LOL. Boy he's really checking out first.


----------



## LRZtorts (Mar 8, 2016)

She is in no rush to get out of her shell.


----------



## wellington (Mar 8, 2016)

Geez. Talk about slow. So far so cute


----------



## LRZtorts (Mar 8, 2016)

Finally decided to come all the way out. Hopefully there will be some clutch mates soon.


----------



## LRZtorts (Mar 17, 2016)

Finally after a week I finally got some clutch mates.

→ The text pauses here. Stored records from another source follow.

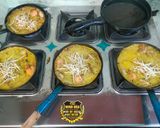 A picture of step 6 of Central Vietnamese Bánh Xèo (Savory Crispy Pancakes).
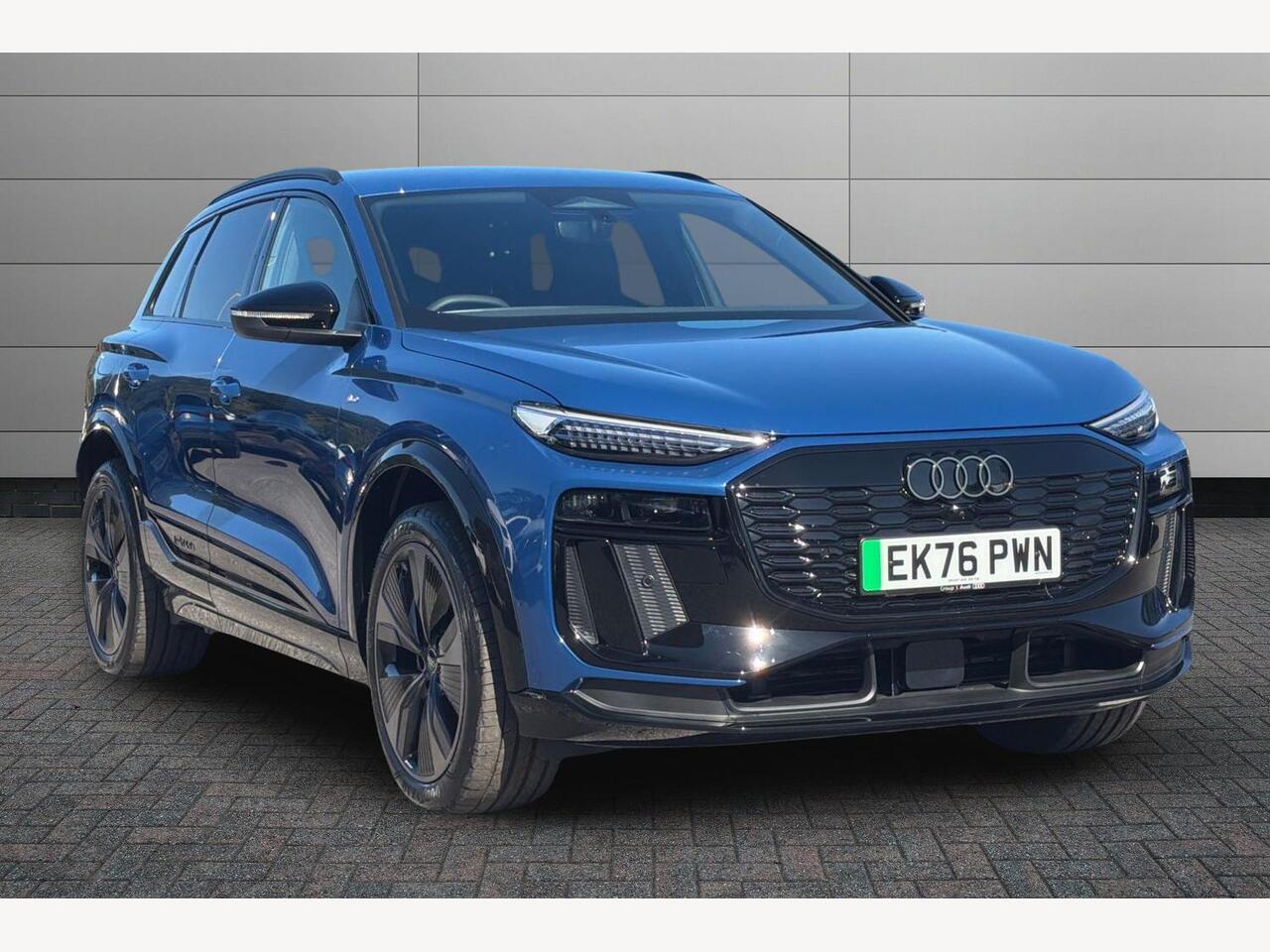 Main listing image - Audi Q6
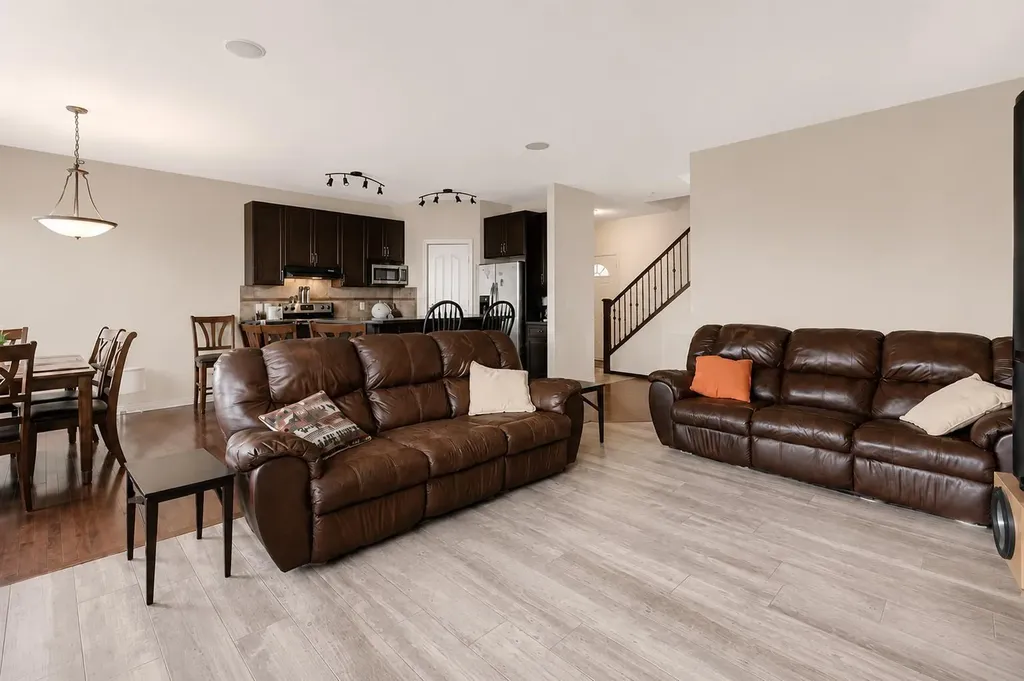 265 Brightonwoods Gardens SE Calgary AB T2Z0T4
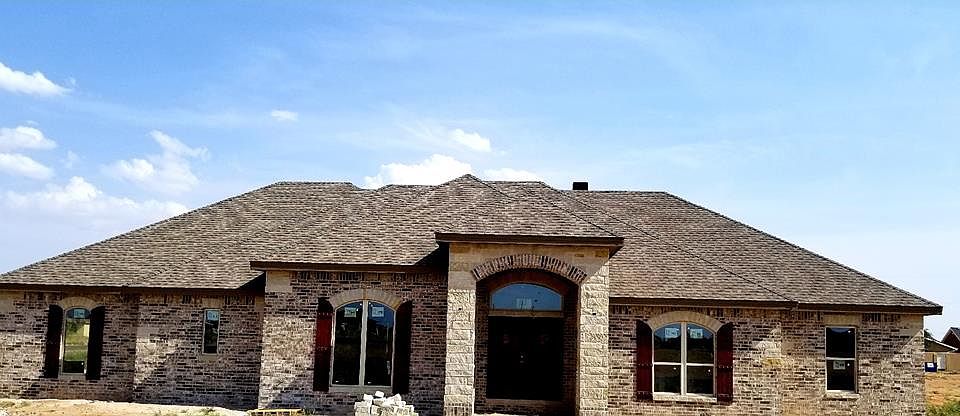 1st image of 211 Webster Dr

this little guy popped out yesterday. 

This guy will hopefully be makin his way out tomorrow.


----------



## Crzt4torts (Mar 17, 2016)

Congratulations! They are too cute.


----------



## Cheryl Hills (Mar 18, 2016)

One day I might have some babies. When my female gets big enough!


----------



## Crzt4torts (Mar 18, 2016)

here are my 3 little Tortillas! 1 to 2 weeks old


----------



## Crzt4torts (Mar 18, 2016)

LRZtorts said:


> Finally after a week I finally got some clutch mates.
> View attachment 167887
> this little guy popped out yesterday.
> View attachment 167888
> This guy will hopefully be makin his way out tomorrow.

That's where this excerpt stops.